The important aspect here is documentation.  You message seemed to
imply that these file-name changes aren't documented in the official
docs of the GNU packages.  I know only one case where it isn't
documented, and that's GDB.  Others have the special DOS init file
name documented in the manual.

> This change from '.program' to '_program' is only necessary because the
> program itself didn't pay attention to MS-DOS, before the DJGPP port was
> made.

I fail to see the fine difference.  Why does it matter whether a
problem was fixed as part of the DJGPP porting or by generations
before that?  By and large, DJGPP is the only DOS configuration that
is supported by GNU packages nowadays, anyway; all the other DOS
configurations are usually long broken due to lack of support.

> This boils down to the following, somewhat philosophical question:  is
> gnuplot compiled by DJGPP a DOS or a Unix version of gnuplot?

It should be both, IMHO.  That is, it should maintain its Unix-born
look, feel, and features, but also let the DOS users to use the normal
notation they are used to.

> If it's a
> DOS version, it should behave like other existing DOS versions (-->
> gnuplot.ini). If you prefer to see it as a Unix program, then it should
> look for ~/.gnuplot and, consequently, also for ~/_gnuplot.

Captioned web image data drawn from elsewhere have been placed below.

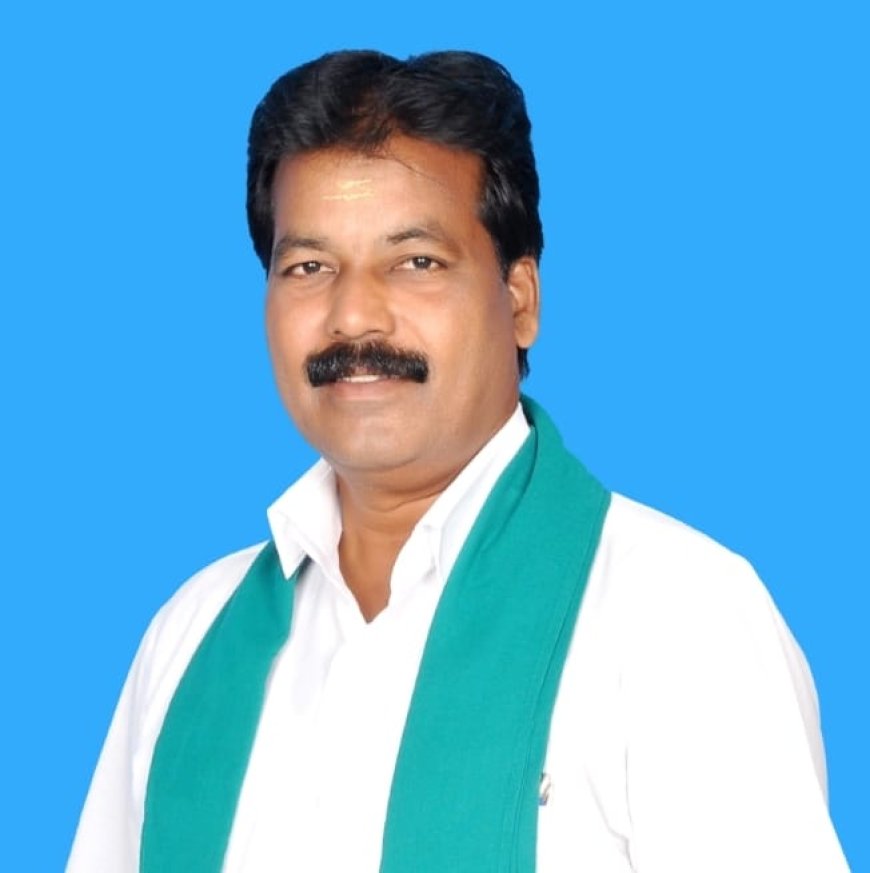 விவசாயிகள் சங்கத் தலைவருக்கு சிறை : மத்திய, மாநில அரசுகளை கண்டித்து நாளை நாடு தழுவிய கண்டன ஆர்ப்பாட்டம்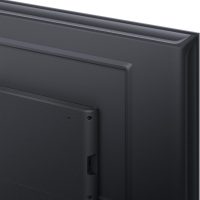 Xiaomi F2 Smart Fire TV 43 Zoll, 108 cm Fernseher (4K UHD, HDR10, Rahmenloses Metallgehäuse, Prime Video, Netflix, Alexa Sprachsteuerung, HDMI 2.1, Bluetooth, USB, Triple Tuner) Modelljahr:2022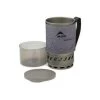 MSR WindBurner Personal Accessory Pot 1L -Camping Store ka593edbe5b147befd90bb667086873e9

I usually prefer that a program looks for the original Unix name, and
if not found, falls back to the DOS surrogate (yes, I know Emacs
doesn't follow that).  How is that surrogate called is less important,
but my HO is that _gnuplot is better than gnuplot.ini, unless
gnuplot.ini was used for a long time (breaking back-compatibility with
no good reason is never a good idea).